Dalam istilah lain, teologi pluralis dirumuskan sebagai "Satu Tuhan dalam banyak jalan". Untuk menguatkan pendapatnya, Rachman mengutip ucapan Rumi, "Meskipun ada bermacam-macam agama, tujuannya adalah satu. Apakah Anda tahu bahwa ada banyak jalan menuju Ka'bah?"
Teologi pluralis, menurut Rachman, menolak paham eksklusivisme, sebab dalam eksklusivisme itu ada kecenderungan oppressive 'menindas' terhadap agama lain. Teologi eksklusif dirumuskan sebagai pandangan yang menganggap bahwa hanya ada satu jalan keselamatan, yaitu agama mereka sendiri. Rachman mencatat, "Pandangan ini jelas mempunyai kecenderungan fanatik, dogmatis, dan otoriter!"
Dengan bahasa yang lebih sederhana, bisa dirumuskan bahwa untuk terjadinya kerukunan umat beragama, seorang muslim dan pemeluk agama lain harus menghindarkan sikap fanatik, dogmatis, dan otoriter, yang menganggap bahwa hanya agama yang dipeluknya yang benar. Pemeluk suatu agama harus menganut teologi pluralis; ia harus meyakini bahwa agama lain juga benar; yang berbeda hanya cara, tetapi tujuannya adalah sama.
Ide Lama Kemasan Baru

Gagasan Rachman sebenarnya bukan barang baru, hanya saja dikemas dengan istilah-istilah yang lebih indah, seperti inklusif, pluralis, dan sejenisnya. Ide ini sama saja dengan gagasan sinkretisme, pendangkalan aqidah, atau sekularisme, yang semakin menjadi-jadi setelah World Parliement of Religions di Chicago tahun 1993 menyepakati perlunya suatu global ethics untuk membangun perdamaian dunia.

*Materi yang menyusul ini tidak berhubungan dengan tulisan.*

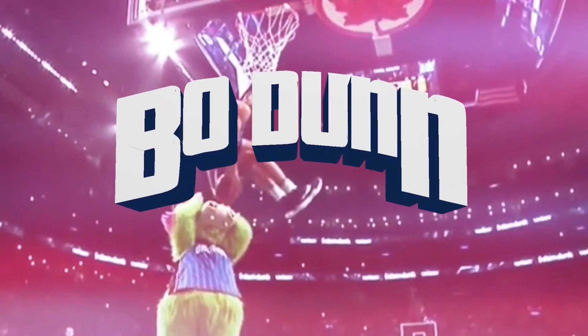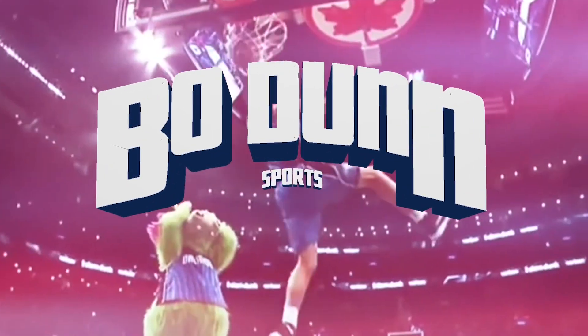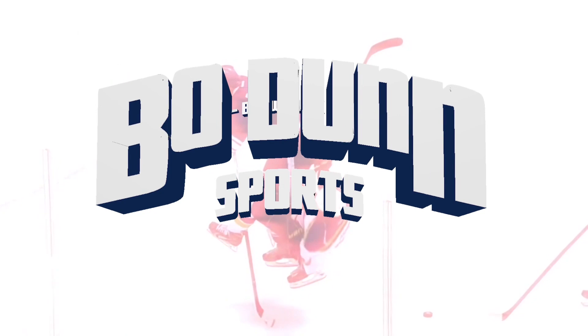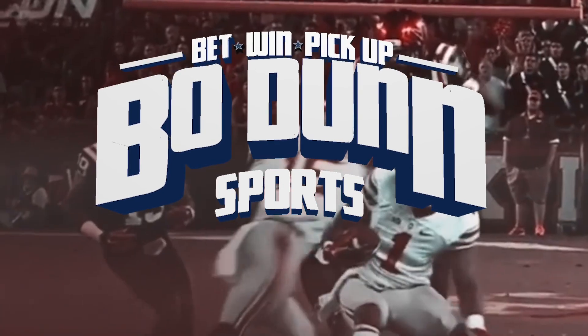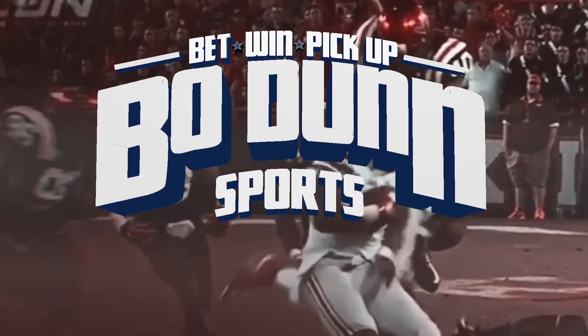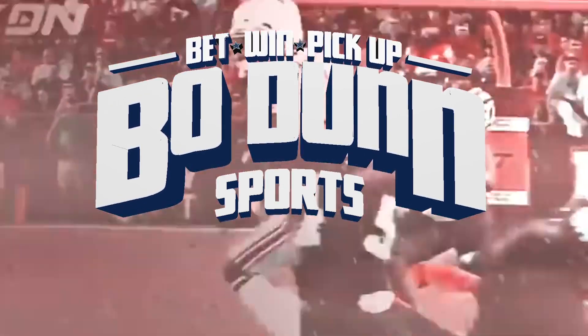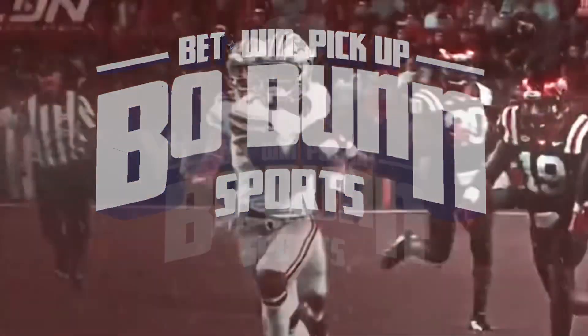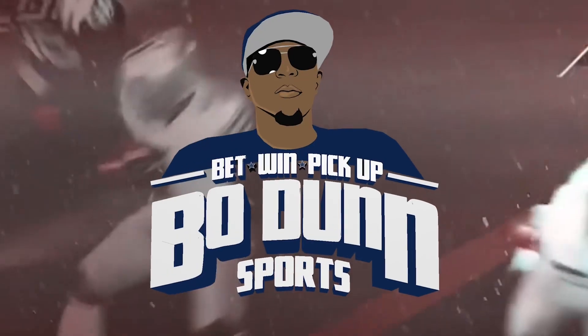Bo-Dun Sports, where you spend a little and win a lot. Bet, win, and pick up. And that's where the big bucks start rolling in.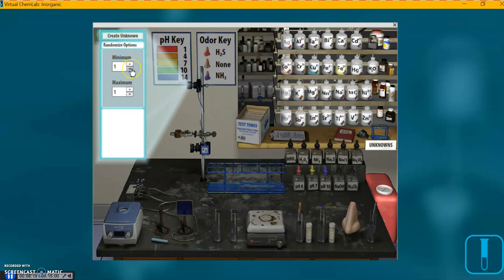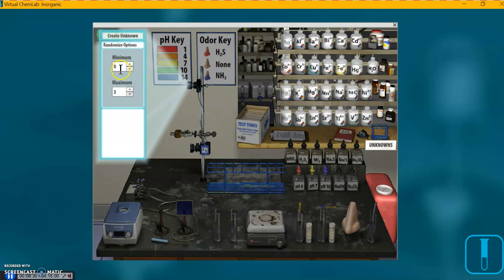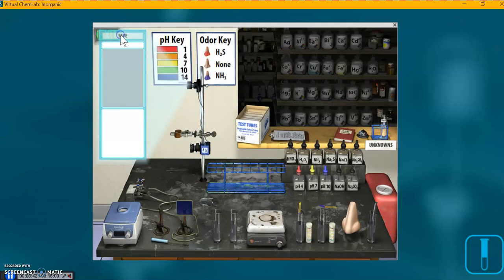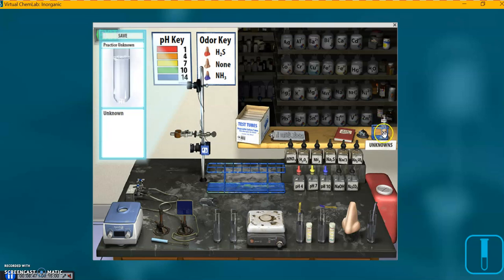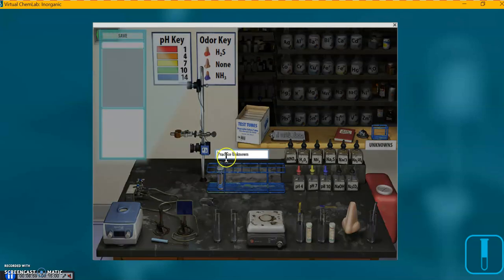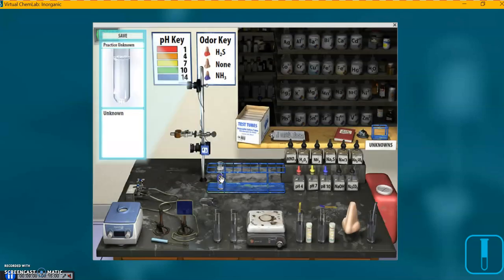And on step 7 there on your worksheet, it says to make the minimum 0, the maximum 3. That means your practice unknown can have 0, none of your ions. In other words, it's just water. It could have a maximum of all 3 of them, or just 2 or 1. And up here, a little hard to find, it says create unknown. And right over here, you see, it just appeared there magically. We have a practice unknown.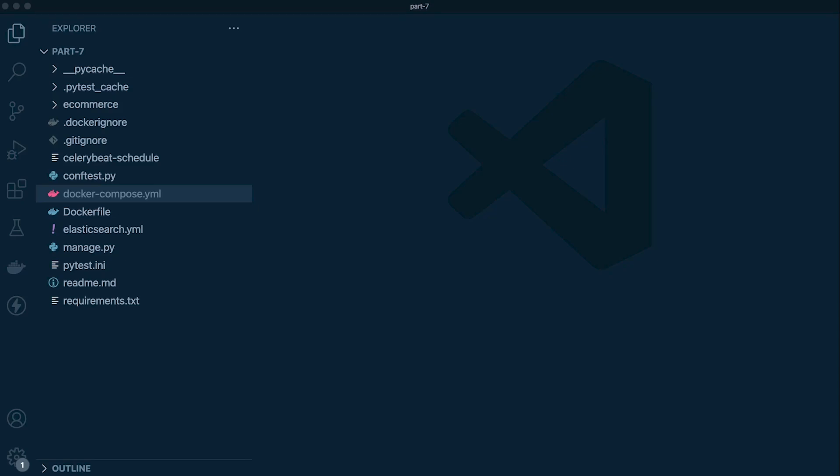For anyone who's new to Docker, I just wanted to bring to your attention the Docker extension for Visual Studio Code. This can be a really handy extension for those who want to interact with containers and for those like me who forget commands very quickly.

Sejumlah tokoh di Indonesia juga rajin mengampanyekan gagasan ini, salah satunya adalah Gus Dur.Mantan presiden RI ke-4 ini pernah mengeluarkan pernyataan bernada sinkretis ketika berkunjung ke Bali, "Kalau kita benar-benar beragama, maka akan menolak kebenaran satu-satunya di pihak kita dan mengakui kebenaran semua pihak. Kebenaran mereka yang juga kita anggap berbeda dari kita. Ini paling penting. Oleh karena itu, semuanya benar.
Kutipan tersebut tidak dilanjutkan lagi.